# .war Datei erzeugen unter Eclipse



## Sven (8. Mai 2006)

Hallo zusammen, ich versuche gerade mein Projekt unter Eclipse 3.1 als .war Datei zu exportieren. Also bin ich mit der rechten Maustaste auf das Projekt gegangen habe "Exportieren" und "WAR Datei" gewählt. Dann komme ich zu einem Screen auf dem ich irgendetwas für "Webmodul" eintragen muss. Leider weiss ich nicht was. Könnte mir da bitte jemand helfen?
Vielen Dank schonmal...


----------



## mlange8801 (8. Mai 2006)

> Hallo zusammen, ich versuche gerade mein Projekt unter Eclipse 3.1 als .war Datei zu exportieren. Also bin ich mit der rechten Maustaste auf das Projekt gegangen habe "Exportieren" und "WAR Datei" gewählt. Dann komme ich zu einem Screen auf dem ich irgendetwas für "Webmodul" eintragen muss. Leider weiss ich nicht was.

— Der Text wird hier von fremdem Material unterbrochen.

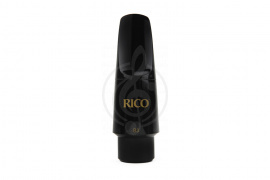 Rico Graftonite B3 RRGMPCASXB3 - Мундштук для саксофона альт - фото 1 Мундштук для саксофона альт Rico Graftonite B3 RRGMPCASXB3 - Мундштук для саксофона альт - фото 1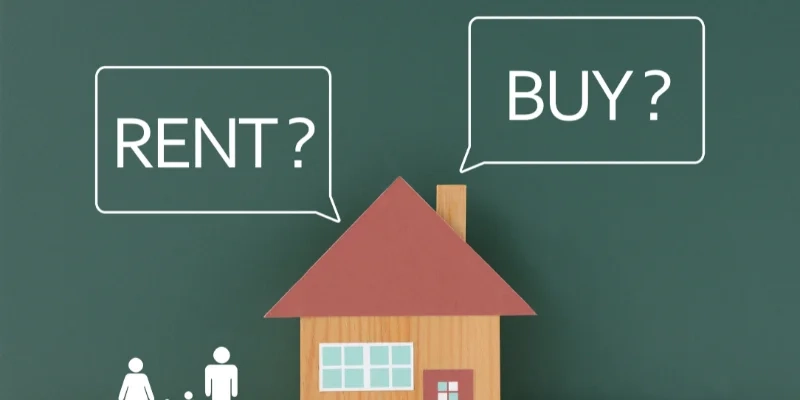 Should You Buy or Rent a Home in 2026? Cost, Benefits & Long-Term Value Compared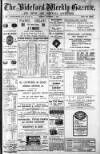 North Devon Gazette Tuesday 01 September 1903 Page 1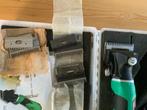 Liscop Lite Scheermachine, Dieren en Toebehoren, Ophalen of Verzenden, Gebruikt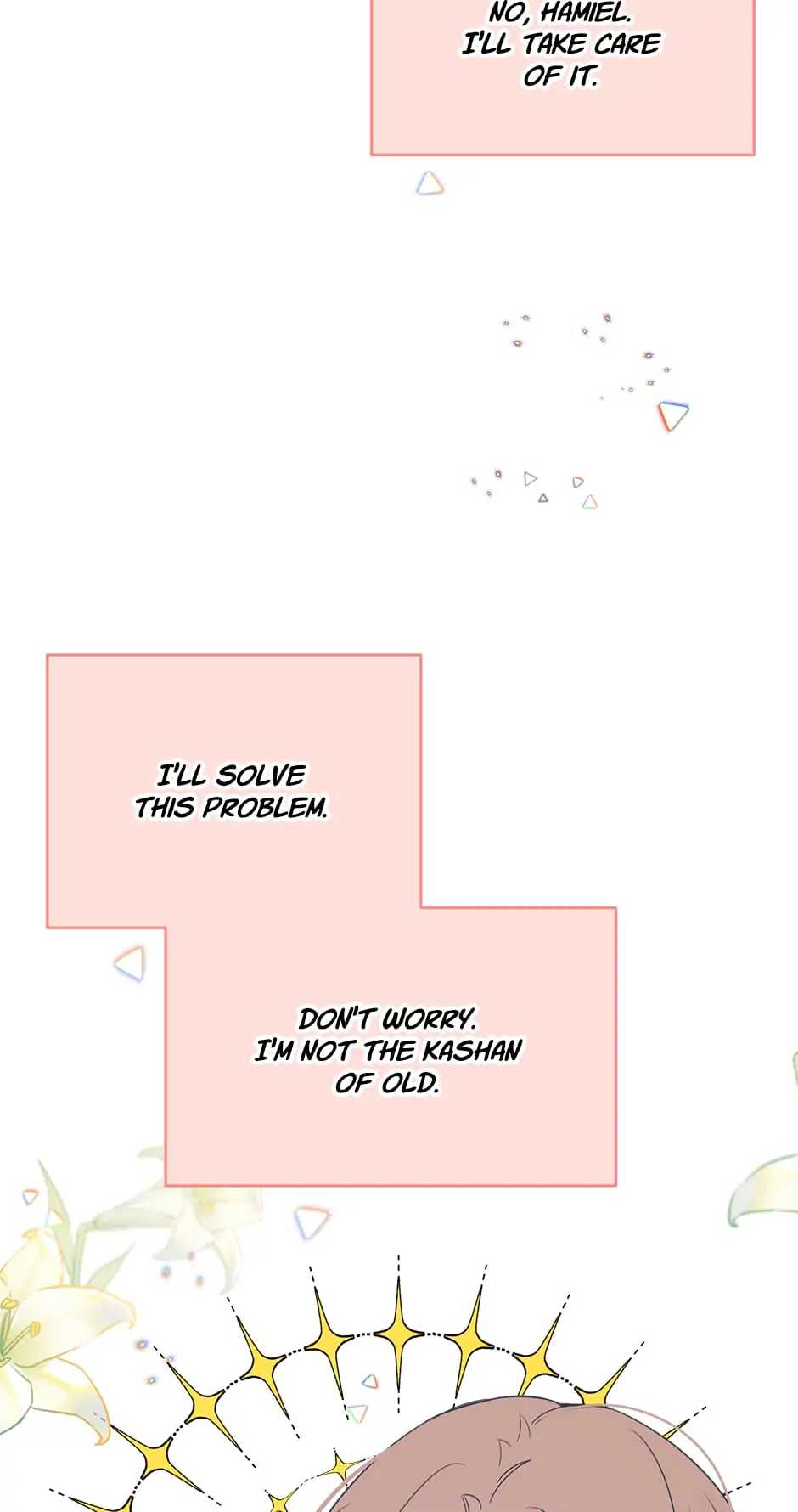 Handmade – Manga chapter 45 - page 14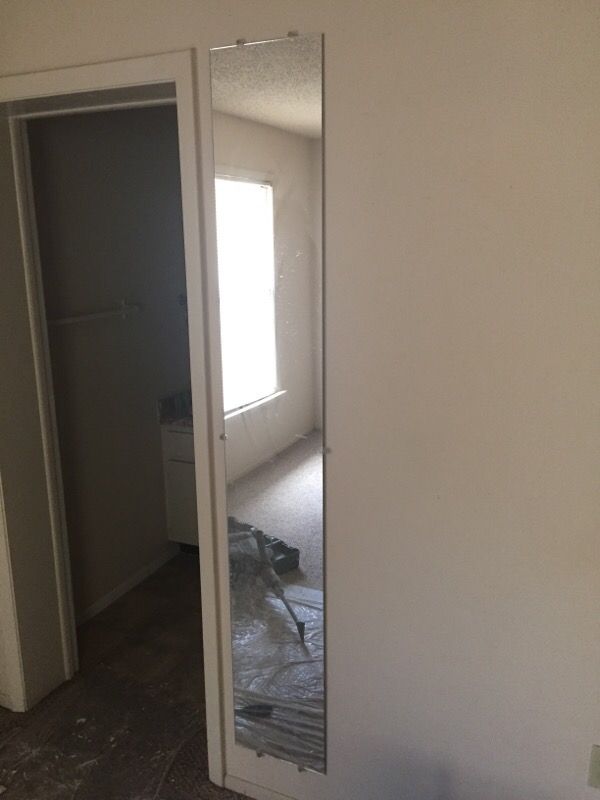 6 Foot Mirror For In Sarasota Fl Offerup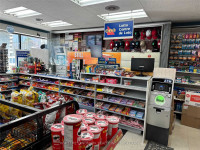 SOLD - Lawrence / Morningside Convenient Store Business for Sale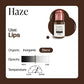 PERMABLEND LUXE - haze
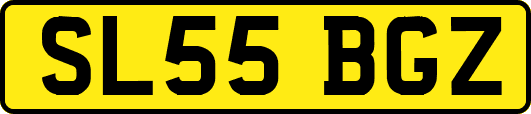 SL55BGZ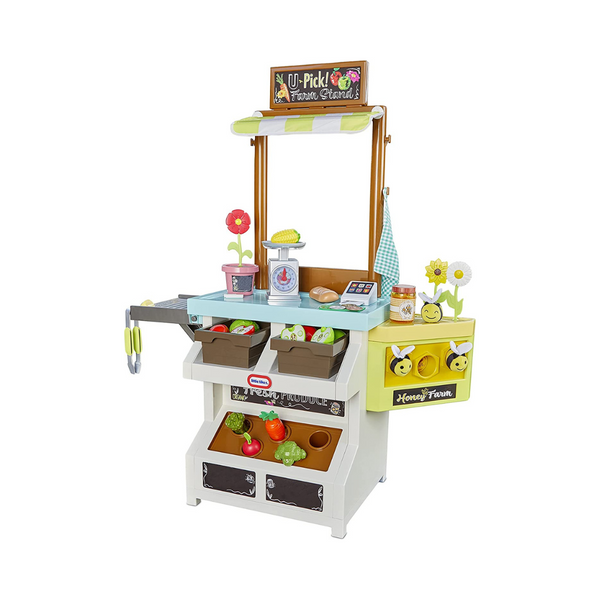 Little Tikes 3-in-1 Garden to Table Market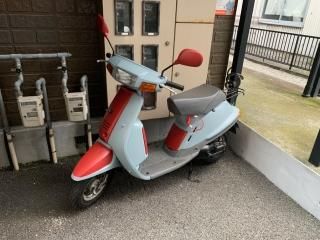 バイク 刷毛 ハケ ローラーで車をdiyで全塗装しよう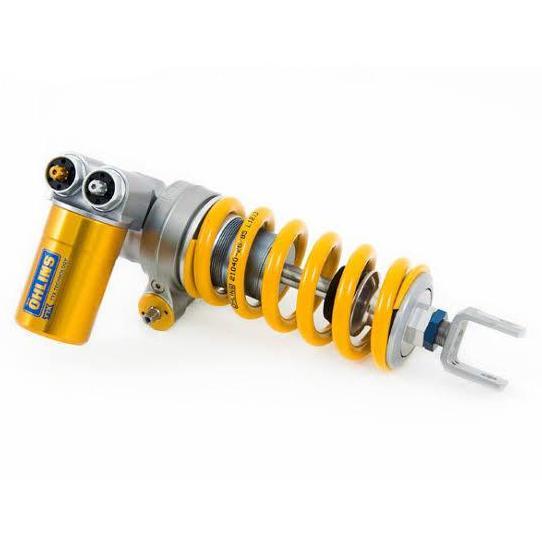 Ohlins Yamaha R6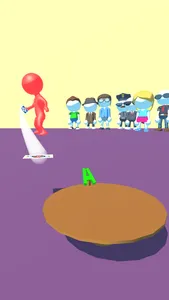 Card Trick Shot screenshot 1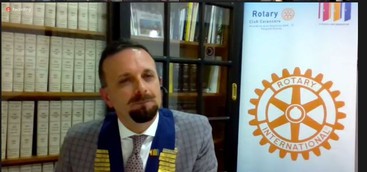 "La diversità di genere, un patrimonio da valorizzare": ne ha discusso online il Rotary Club di Catanzaro
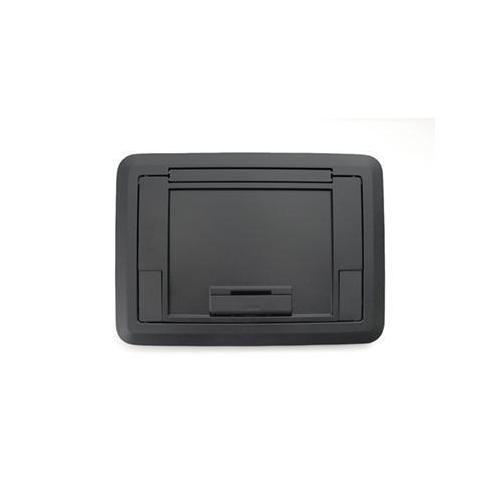 Wiremold&reg; EFB45CTCBKTR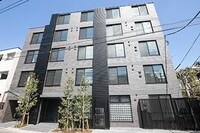 Ｃｅｎｔｅｎａｒｉｏ市谷二十騎町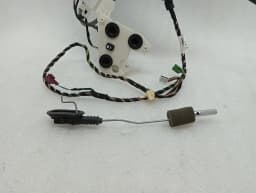 MERCEDES-BENZ Mercedes CL W217 left door lock A0997201101 left RHD RIGHT HAND DRIVE — thumbnail 4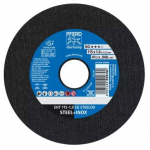 Nurklihvija l&otilde;ikeketas Pferd SG, 115 mm x 1 mm x 22.23 mm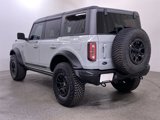 Used 2021 Ford Bronco First Edition image 3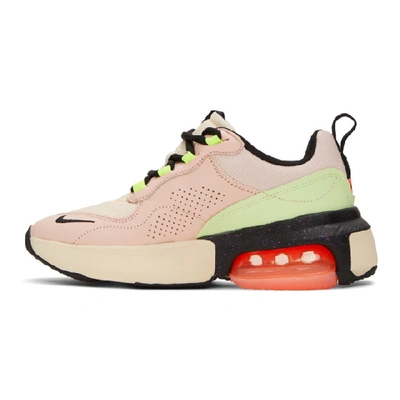 Shop Nike Pink And Green Air Max Verona Qs Sneakers In Guava Ice B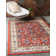 Hanan Floral Indoor Rug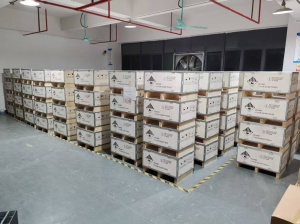 Baterie Litiu LifePo4 51.2V 320Ah - >8000 de cicluri - Img 2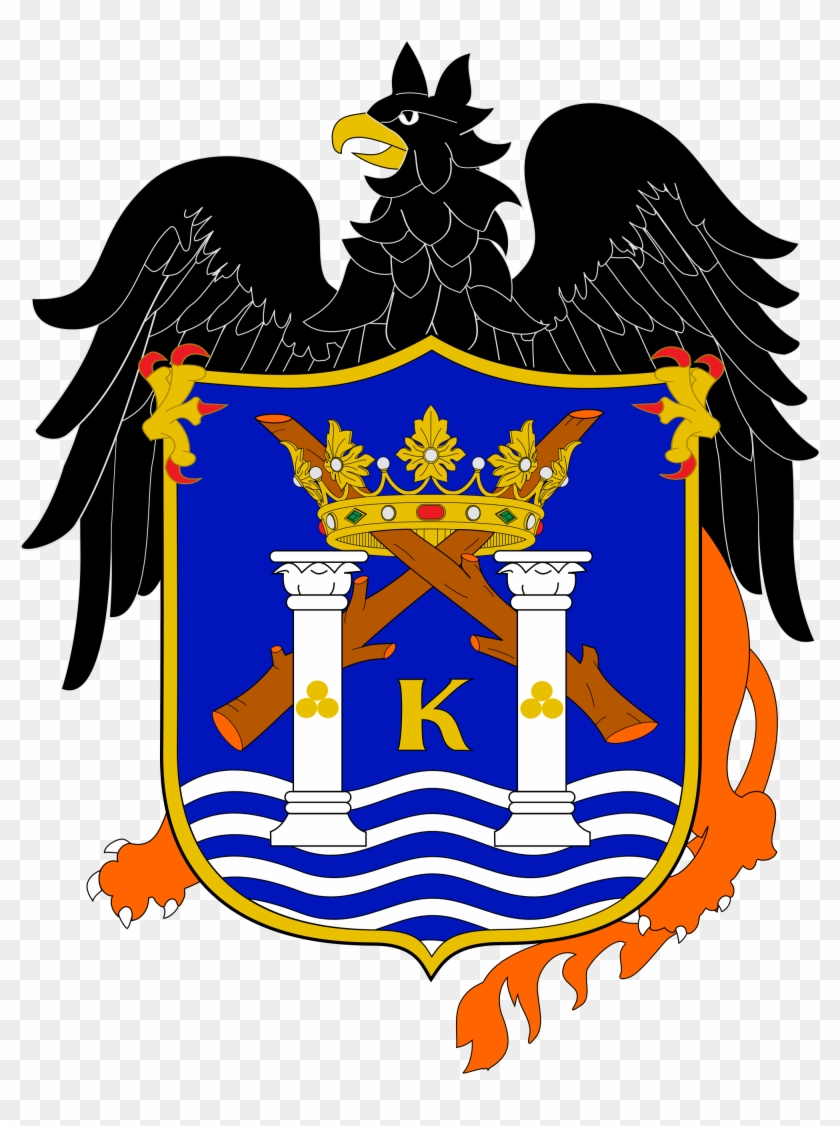 Symbols & Insignia[edit] - Escudo De Trujillo Peru Clipart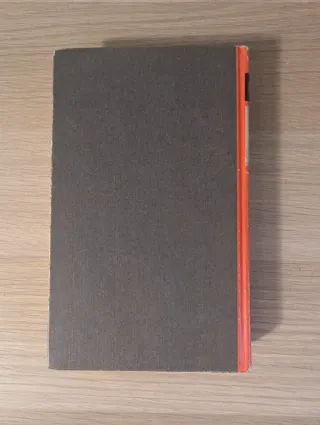 3x2 QB VII - Leon Uris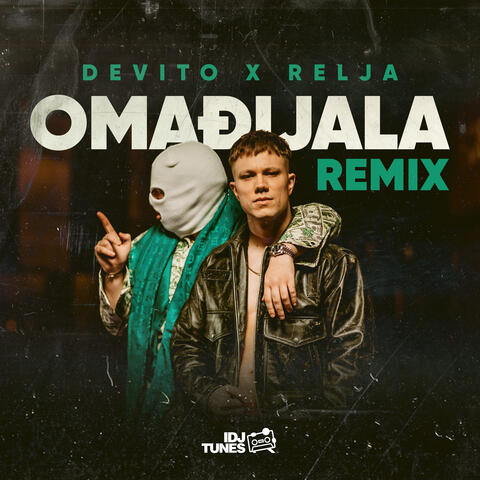 Omadjijala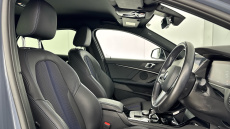 BMW 1 Series 118i M Sport 5dr Step Auto Petrol Hatchback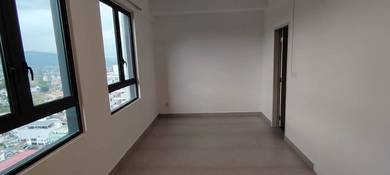 168 PARK SELAYANG Service Residence fore Rental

Könnte mir da bitte jemand helfen?
> Vielen Dank schonmal...



Wenn Du Dein Projekt als "Dynamic Web Project" angelegt hast kannst Du das bei dem Screen als webmodul auswählen.


----------



## Guest (8. Mai 2006)

danke erstmal. ich habe mittlerweile das war- archiv erzeugt. wenn ich nun allerdings das ganze installieren möchte, dann kommt keine fehlermeldung, aber beim aufruf des pfades bekomme ich nur ein "directory listing"... hat jemand eine ahnung, woran das liegt?


----------